_PROMPT_
Could you write out exactly, and only, the lines from the one containing "財布 レディース レザー×ガマグチ ミドルウォレット leather purse" through the last line of the data, leaving out all pictures?

_EXTRACTED MATERIAL_
--- START ---

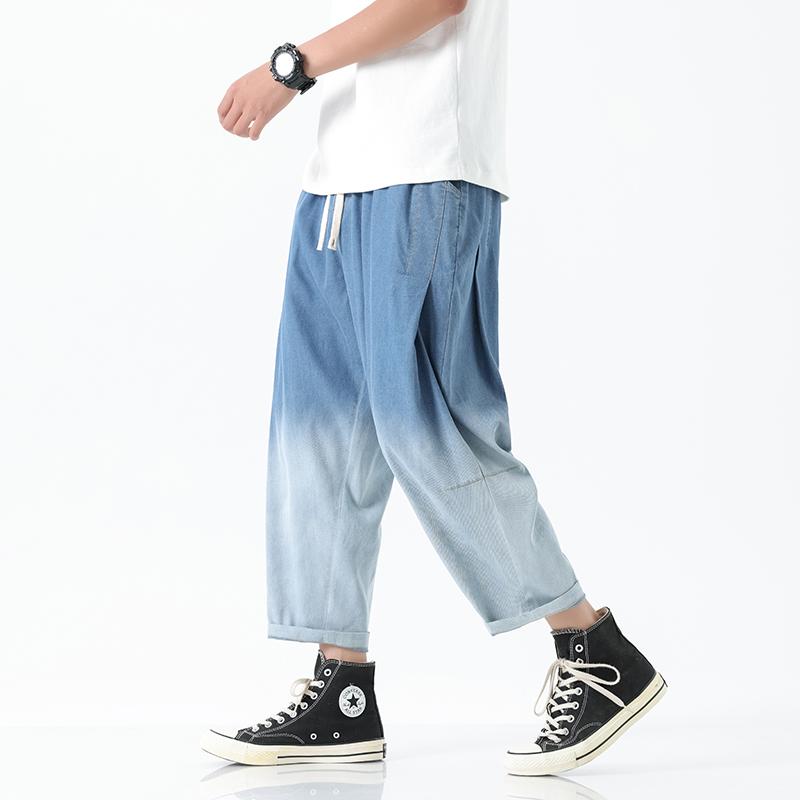 グラデーション テンセル 夏 九分丈 パンツ 薄手 涼しい ゆったり ストレート パンツ アメリカン レトロ パンツ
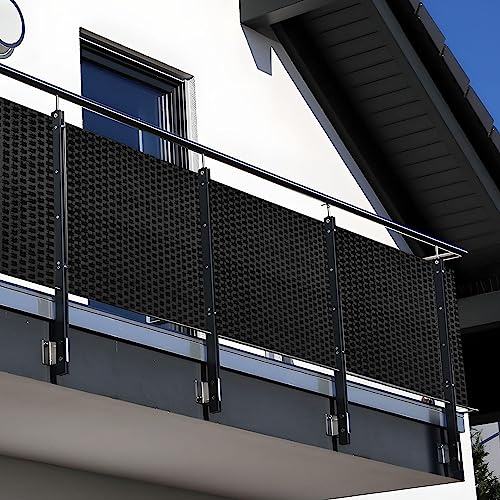 NYVI Polyrattan Balkon Sichtschutz Privafence 90x300 cm Schwarz - Wetterfeste Balkonbespannung - UV-fest, Witterungsbeständig, 100% Blickdicht - Balkonumspannung Balkonumrandung 0.9x3 m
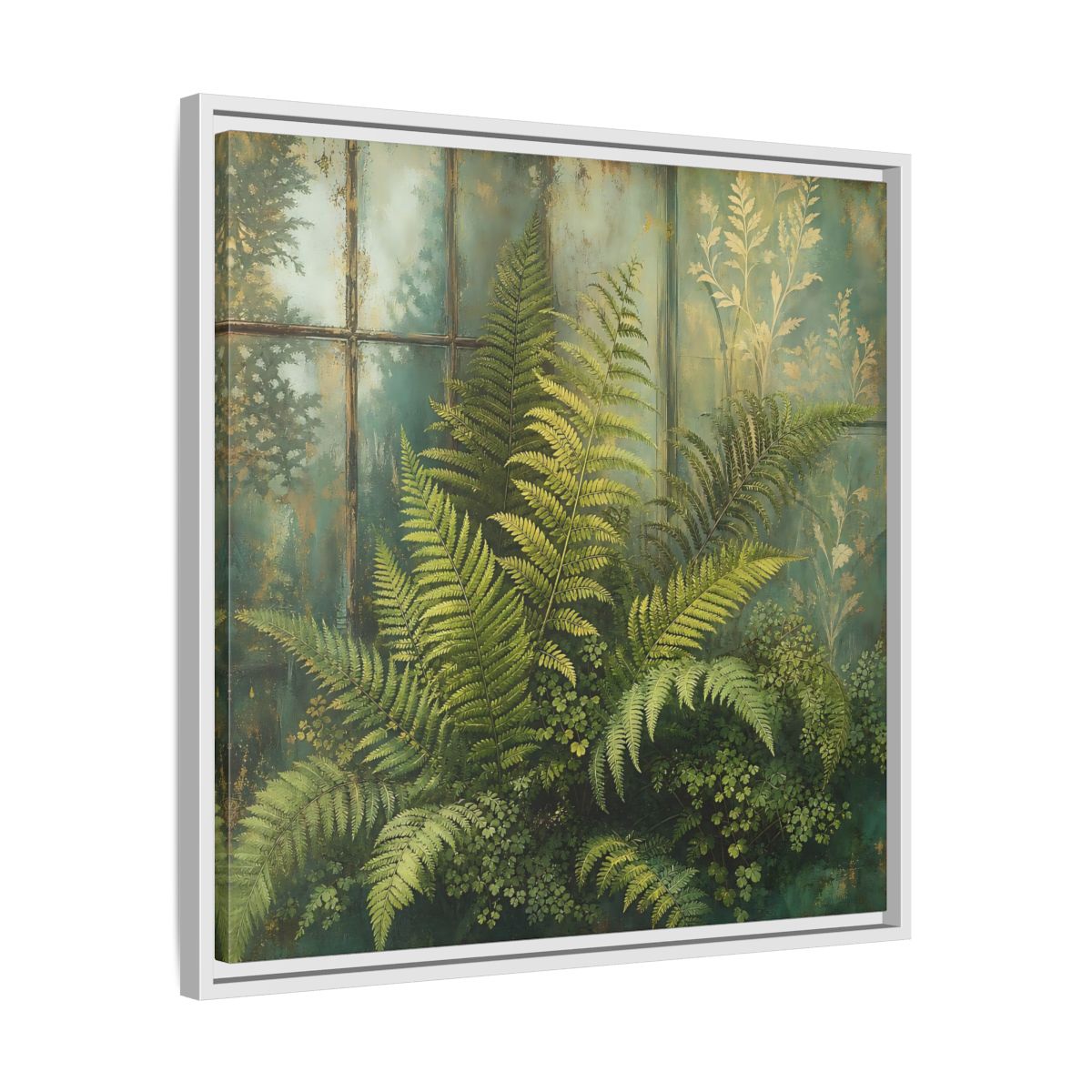 Side Mockup 26. Nature Ferns Green Ferns shown as stretched canvas wall art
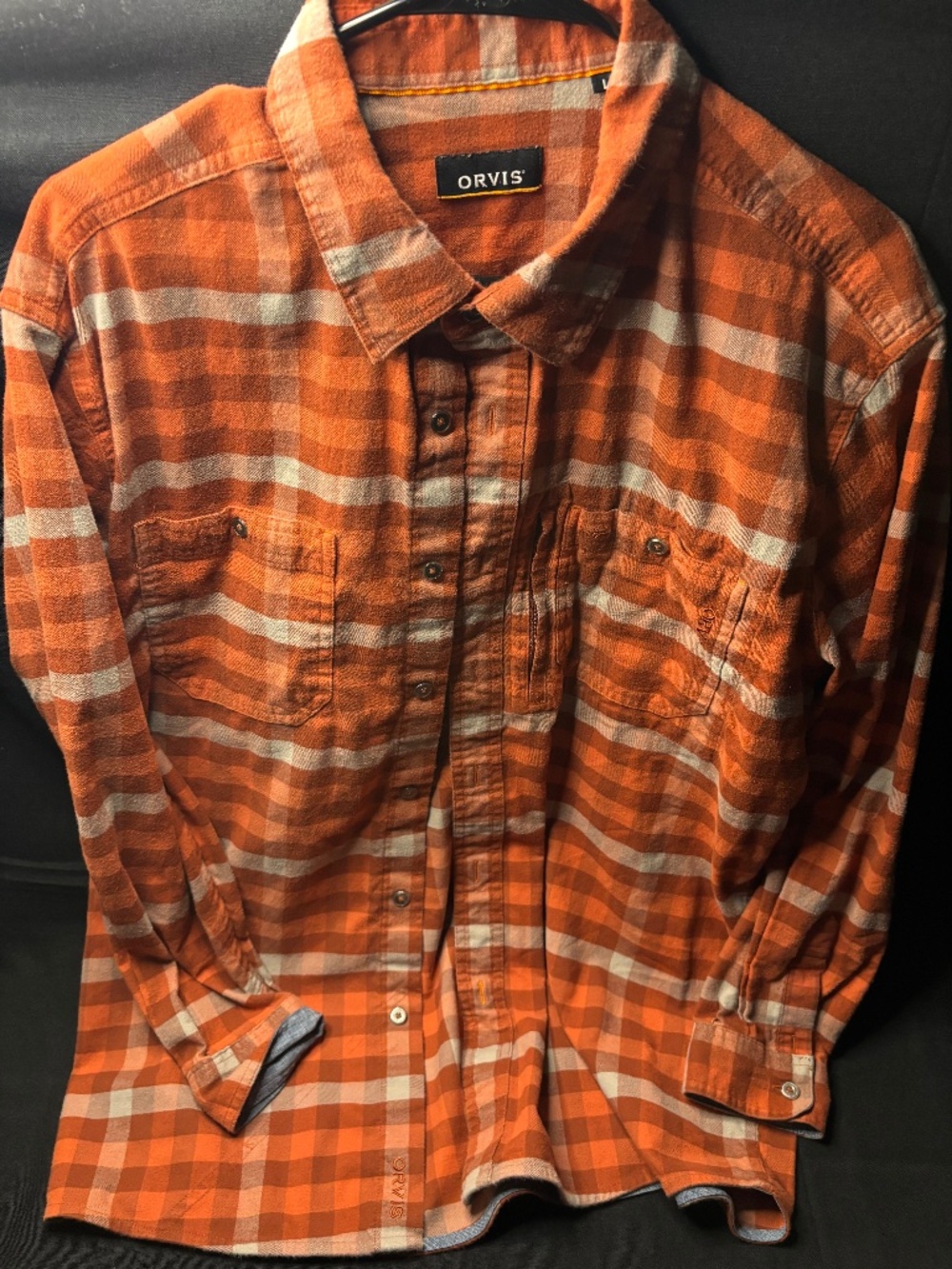 Orvis Mens L Plaid Flannel Button Down Orange/White Long Sleeve Shirt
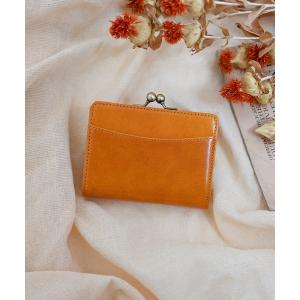 財布 レディース レザー×ガマグチ ミドルウォレット leather purse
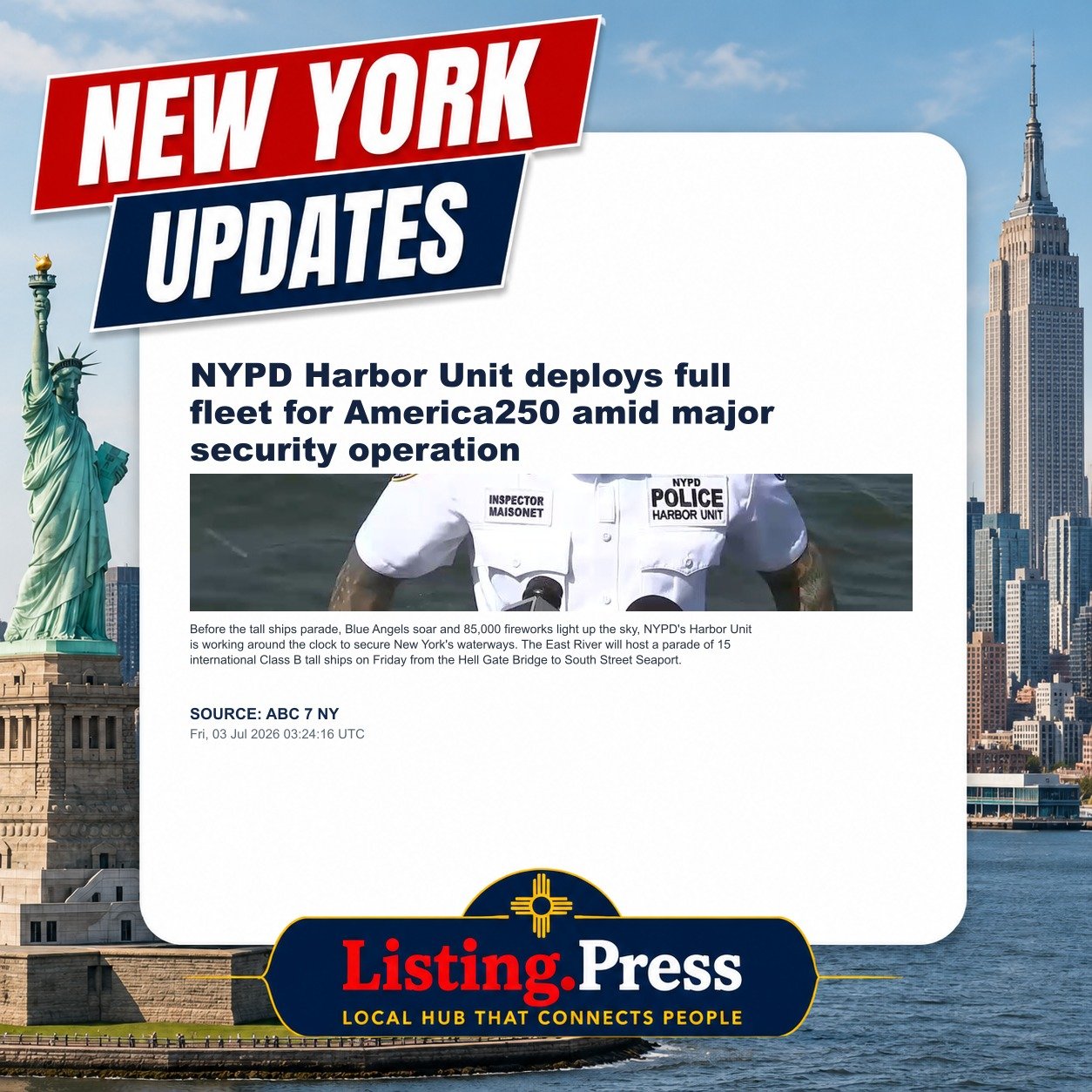 NYPD Harbor Unit deploys full fleet for America250 amid major security operation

--- END ---

_RESULT FOR THIS EXERCISE_
 財布 レディース レザー×ガマグチ ミドルウォレット leather purse
 NYPD Harbor Unit deploys full fleet for America250 amid major security operation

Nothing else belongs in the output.